Prins doesn’t underestimate the challenge for brands in attending to the various challenges in front of them: Competing on price as well as meeting the rising customer experience expectations.

“Everyone’s talking about it, but delivering on that is the hard part," he commented.

So as further advice, Prins identified four main things brands doing CX well behind the scenes to make things happen. The first is innovation, but not in isolation.

"Innovation can’t be disconnected from the core business. For example, with new retail initiatives, they should be piloted in real stores, to gauge the practical impact with real-world feedback," Prins advised. “A lot of brands have special labs for their innovation, but what we see is they build new things in a way that’s disconnected from the real experience and real feedback.”

The second pillar is to use existing infrastructure and find a way to modify it, instead of thinking it’s necessary to adopt entirely new technology or platforms. Third is the importance of organisation. Making the cultural changes needed to be more CX led must happen first before it’s possible to make changes with customers, Prins said. 

“If you want to change, start with changing your actual organisation. Instead of having separate teams and sections for online, for retail and then another for omnichannel, look to have it connected," he advised. "That’s where the real value is. When data is sitting in one place, that’s when you can really start to serve your customers better.”

Adyen's fourth element is payments.
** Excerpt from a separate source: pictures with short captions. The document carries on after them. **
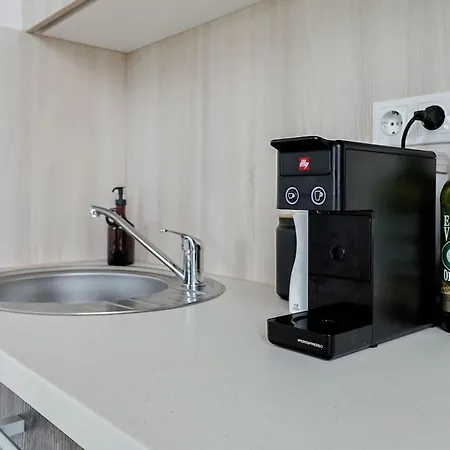The Sadovnikov Spot, Modern, Bright & Parking Appartement Riga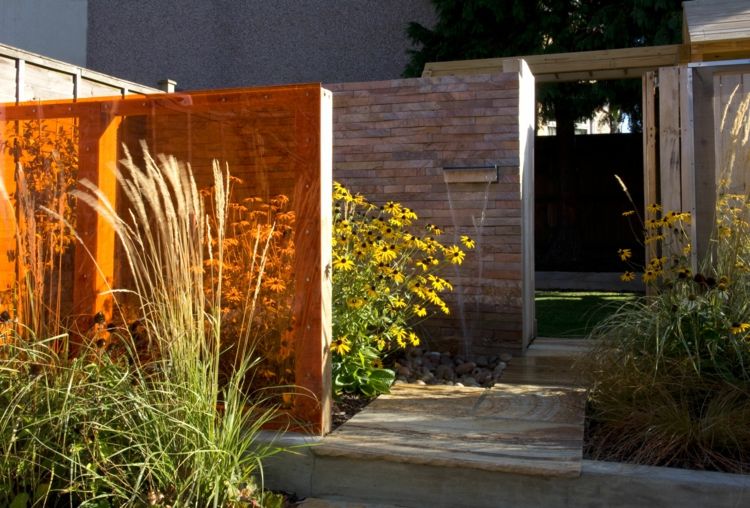 Bygg din egen privatlivsskärm i trädgården Glasstaket i matt färg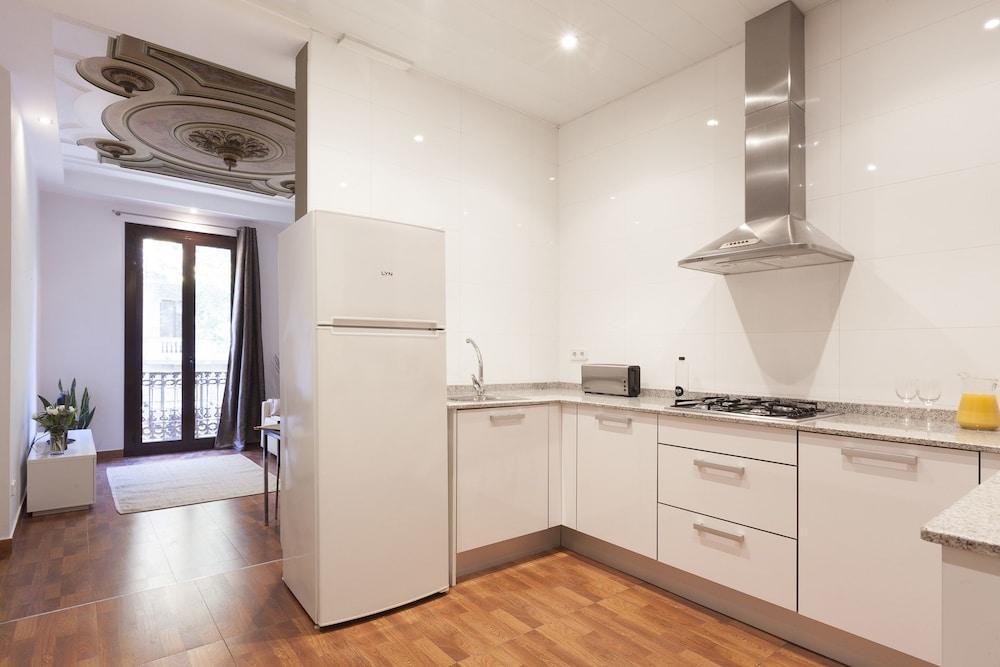 Easy Sleep Gaudi Terrace Apartment Barcelona Exterior photo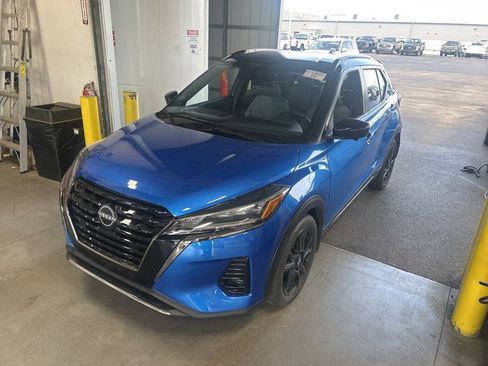 Used 2023 Nissan Kicks SR w/ SR Premium Package FWD image 2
In terms of making shopping more frictionless, payments is a key element in enabling, Prins said.

“Data plays quite a bit role in that in terms of how things are organised. Usually payments sits with finance or treasury teams, which has been typically looking after it," he said. “And if treasury own payments, they look at it with really different KPIs. It’s looking at the cost element.”

But with new ways of interacting with customers, has come a changing role of payments, and this needs to be represented in the way the financial side of the business is organised, Prins said.

Local retail conditions

In terms of Australia's retail environment, Prins saw many of the same challenges existing elsewhere and noted one in particular: Amazon. Credited with raising the stakes in terms of speed of delivery, availability and price, the behemoth has put the heat on high street or shopping mall retailing.

Yet walk through any city’s main shopping mall, four years after the arrival of Amazon, and you will find many shops still operating as business as usual, according to Prins, with little innovation or new ways to engage with customers.

“Think about ‘what is the role of the store?’ It’s not simply a transactional, it’s an opportunity to engage with your customers, then they can buy online or elsewhere and at another time,” he said. “Bold moves are needed to break out of the endless promotional cycle.” 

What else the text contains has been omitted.